Yesterday, Okowa and his deputy Kingsley Otuaro, convened an emergency security meeting with leaders from all the communities in Gbaramatu at the Government House Annex Warri. In attendance also were the security chiefs in the state and the Security Adviser to the governor, Chief David Tonwe, amongst others.

Okowa who condemned the attacks on the oil and gas facilities across the state called on all Delta citizens to cooperate with the security agencies to unmask the criminals behind the heinous crime.

In a statement by his Chief Press Secretary, Charles Ehiedu Aniagwu, the governor urged the security agencies to intensify their surveillance over the oil facilities and pledged the commitment of his administration to support all measures that would restore the confidence of all stakeholders in the oil and gas industry operating in Delta State.

He said: “These attacks should be condemned by all well-meaning Nigerians, particularly compatriots from Niger Delta. This is an attack on our soul. The state is bleeding again and its implication for the economy and image of Delta State grave.”

The governor stressed that the week before, his administration hosted a stakeholders’ summit on the effects of vandalism of oil and gas facilities in the state, where the various arms of the security agencies, the oil and gas operators and the host communities converged to brainstorm on measures to stem the activities of vandals.

He observed that the attacks, coming only some days after the summit, were not a good way of reciprocating the good intentions of his government and the enormous resources that were being invested in turning around the fortunes of the state.

Okowa called on community leaders and youth groups to resist any temptation to be drawn into these nefarious activities as they might jeopardise the ongoing intervention of the Federal Government, in the lives of the youths, through the Amnesty Office.

“Do not be part of this crime and refuse to listen to any leader or politician who would want to pit one ethnic nationality against another as a result of these incidents. The destruction of oil facilities is purely criminal and we reject attempts to label it otherwise”, Okowa warned.

Earlier, Commander of Operation Pulo Shield, Maj. Gen. Alani Gafar Okunlola had reiterated that community leaders would be held responsible for any act of sabotage perpetrated against the oil and gas facilities in their domain, vowing to fish out those responsible for attacks on oil facilities in some parts of the Niger Delta.

Speaking to reporters on Sunday evening at the site of the Nigerian Gas Pipeline in Egwa 1 Community, Warri South West, allegedly blown up by militants, Okunlola described the act as a massive criminal sabotage capable of undermining national security.

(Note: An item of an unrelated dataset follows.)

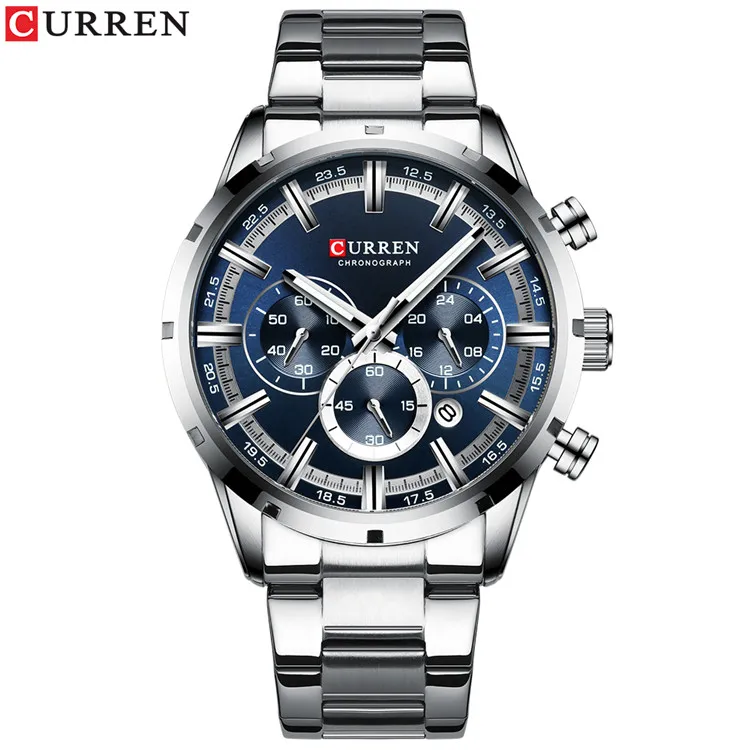 CURREN Мужские s часы лучший бренд класса люкс Модные Бизнес Кварцевые часы мужские спортивные полностью стальные водонепроницаемые черные часы Relogio Masculino - Color: Silver blue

He said the task force would not fold its hands and allow the perpetrators to get away unpunished.
He also called on government and community leaders to give Operation Pulo Shield and other security agencies working in the Niger Delta useful information that would lead to the arrest of the perpetrators for prosecution.

The commander assured the Niger Delta residents of Operation Pulo Shield’s determination to wipe out all acts of illegalities in the region and also called on them to give useful information that would aid the joint force in its operations in line with its mandate in the Niger Delta.

He warned perpetrators of the crime to desist from further destruction of oil facilities or be ready to face the consequences, saying the task force was closing in on the criminals who blew up the pipelines.

Special Adviser to the President on Niger Delta Affairs, and Chairman of Amnesty Programme, Brigadier General Paul Boroh also visited the area on advocacy visit to political and traditional leaders as well as the youths, as part of his efforts to ensure that peace returns to the region.

Head of Media and Communication at the Amnesty Office, Owei Lakemfa told The Guardian on telephone that Boroh’s visit was to stem the tide of vandalism and violence, as well as to prevent further damage that could lead to internal displacement of residents.
Boroh was in Port Harcourt, Trosani in Bayelsa , Kabu in Delta state as well as in Warri to meet elders’ in order to “find a possible solution”, Lakemfa said..

He continued: “It is not yet clear who were responsible for the pipeline vandalism but there’s no return to militancy”, he said.